(Note: The New York Times originally reported that the number of planes being grounded was 81 but it now reports that number is 79)
After an incident yesterday where a 3 foot hole burst open on the top of a Southwest Airlines 737 in mid flight, the airlines has grounded several 737s until they can be further inspected The New York Times reports.
“We’re taking them out of service to inspect them over the next few days,” Whitney Eichinger, a Southwest spokeswoman, said Saturday. Ms. Eichinger said they would be “looking for the same type of aircraft skin fatigue.”
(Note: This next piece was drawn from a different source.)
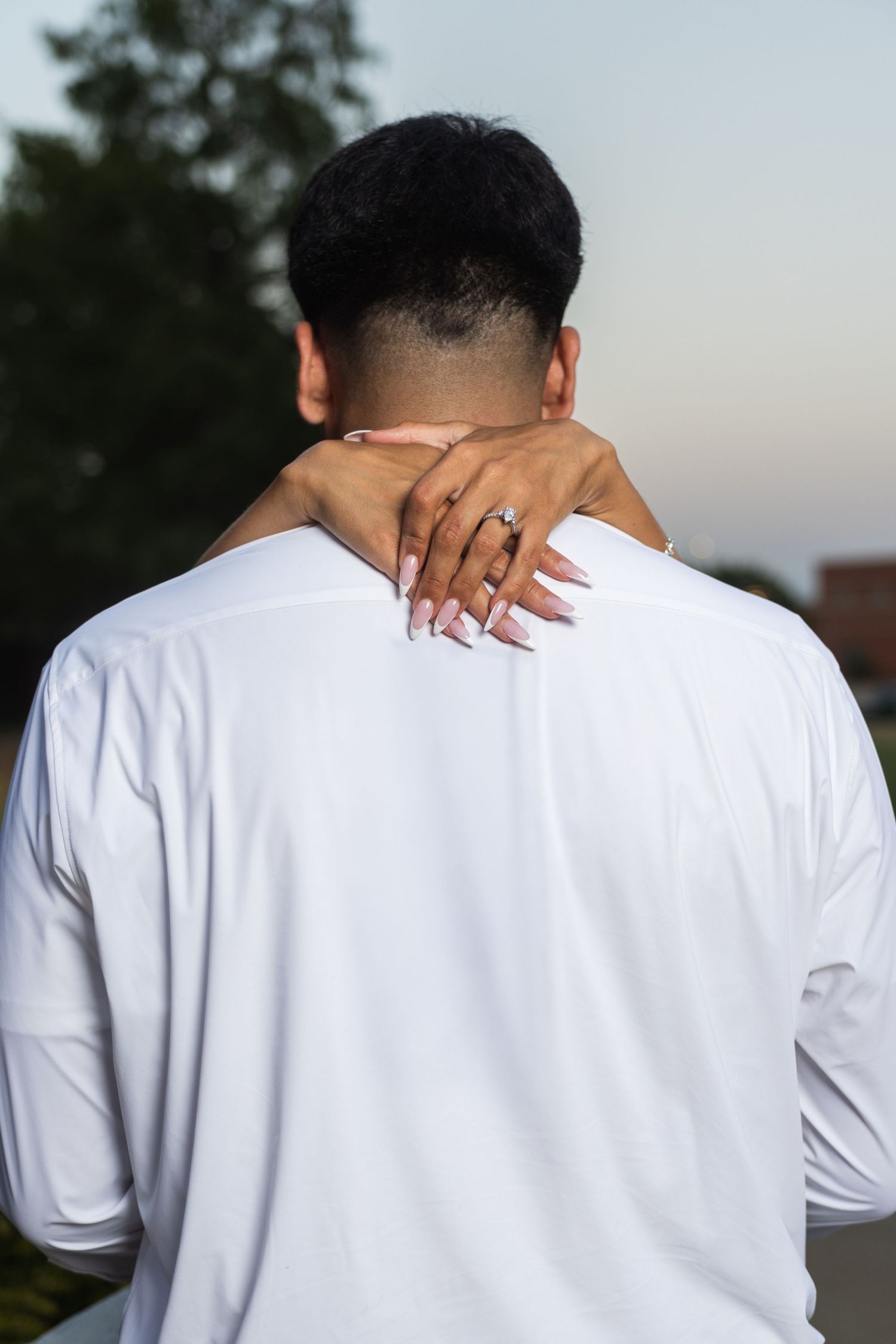 A woman with manicured nails and engagement ring embraces a man in white shirt from behind outdoors.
The Southwest plane, a 15-year old Boeing 737-300, was sailing along at 36,000 feet on Friday afternoon en route to Sacramento from Phoenix when passengers heard an explosion. The Associated Press reported that one woman described it as “gunshot-like.”
Southwest’s entire fleet is made of 737s but only its 737-300s were grounded as apart of the inspections.
While the cause is currently unknown, the Times article goes on to cite a former NTSB chairman, James E. Hall, who implies that Southwest’s aggressive flight scheduling, where planes make quick turnarounds in an effort to reduce costs, may be taking a toll on Southwest’s fleet before adding that the airline traditionally has had “a good safety program”.
The safety of Southwest’s fleet has come under scrutiny since the incident but it should be noted that the airline has only experienced one fatality in its nearly 40 years in service.